Every natural object has natural rights.
This discovery came as a result of thinking that there ought to be a basis for natural rights within natural law. Then Einstein’s admonition to “Look deep into nature, and then you will understand everything better.” seemed the perfect methodology. It took a while to find natural rights in nature, but eventually, I had the “yes, of course” moment.
We have overlooked this insight because natural rights are profoundly ubiquitous, and like a fish doesn’t know he is wet, we have missed what was in plain sight everywhere we looked.
Now, I have been working on this theory of natural rights for several years, trying in my spare time to plumb its depths and to comprehend its implications. The following paragraphs are the major bullet points that I have discovered so far. In reading these, it is vital that they not be compared with any existing theory of natural rights to ascertain their validity. This is an entirely new paradigm.
What is a Right Anyway?
The idea of “rights” is clearly one of authority. Even toddlers demonstrate this sense when you violate their authority and take away their toy. Then there’s that feeling we all experience, and youths verbalize it with “You aren’t the boss of me.” The idea of “a right” to do or have something is an abstract one, but natural rights are always connected intimately to something physical or mental.
It is insightful to take the perspective of an outsider watching a rights-holder. What we see is someone who has a warrant, an authorization, an empowerment, or an authority to act for, or to be an agent for himself. In other words, having the power (capability) to act is also having the power (authority) to act. The two characteristics cannot be separated. Let me simplify this.
Ontologically: the nature of nature is such that natural things have agency within themselves to do what they naturally do.
We know that objects have natural rights because we see them exerting that authority over themselves and other objects.
It troubles me that these explications complicate something so profoundly simple. Try to stop thinking words and just ponder a moment on these visions where you will see authority and capability simultaneously:
the sun holding the Earth in orbit, (Is the sun exercising authority over the Earth? Does it have the right to do that?)

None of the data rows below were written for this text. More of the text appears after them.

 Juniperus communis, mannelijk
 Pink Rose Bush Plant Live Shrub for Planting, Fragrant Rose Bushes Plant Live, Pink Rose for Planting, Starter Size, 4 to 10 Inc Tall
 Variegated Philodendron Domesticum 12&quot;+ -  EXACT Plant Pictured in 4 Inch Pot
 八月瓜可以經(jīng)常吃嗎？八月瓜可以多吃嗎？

a beaver cutting down a tree,
a child solving a puzzle.
When we view the universe through this quiet lens, we have a spiritual experience. The universe becomes a living thing with beauty, majesty, and power, controlled by the natural laws whose authority is manifested in the rights of its components.
Let’s Pin This Down Tight
This perspective on natural rights has such profound implications for our governance, jurisprudence, and morality that it needs to be solidly established, grounded so thoroughly as to leave no excuse for its dismissal. We need to do a little mental exercise here.
Visualize the planets rotating around the sun and answer these questions while keeping that moving visualization going in your mind. Are the planets under the influence of the sun? Is the sun controlling the planets? Does the sun have the capability to control them? Does it have the authority to control them?
That last question changes the context and moves us from strictly physical phenomena to a question of authority.
Change of scene. Now you are in a city park with a very large open area devoid of everything except a level, mowed grass field. There is a distinct line across there where the sod has been lifted and put back for a utility of some sort. It appears to be a perfectly straight line. You have an exercise app on your smartphone that traces your walking path on a map, and just for fun, you decide to see if you can write your name in cursive on that map using the line in the grass as a guide.
You write a few letters when a stranger notices your convoluted path and asks, “What in the world are you doing?” You explain. To your surprise, he immediately protests and demands that you quit writing your name. “You have no right to write your name that way on a public park that has it’s own name,” he cries. You are flummoxed in disbelief. What authority does this guy have to counter your freedom (authority) to do what you are doing?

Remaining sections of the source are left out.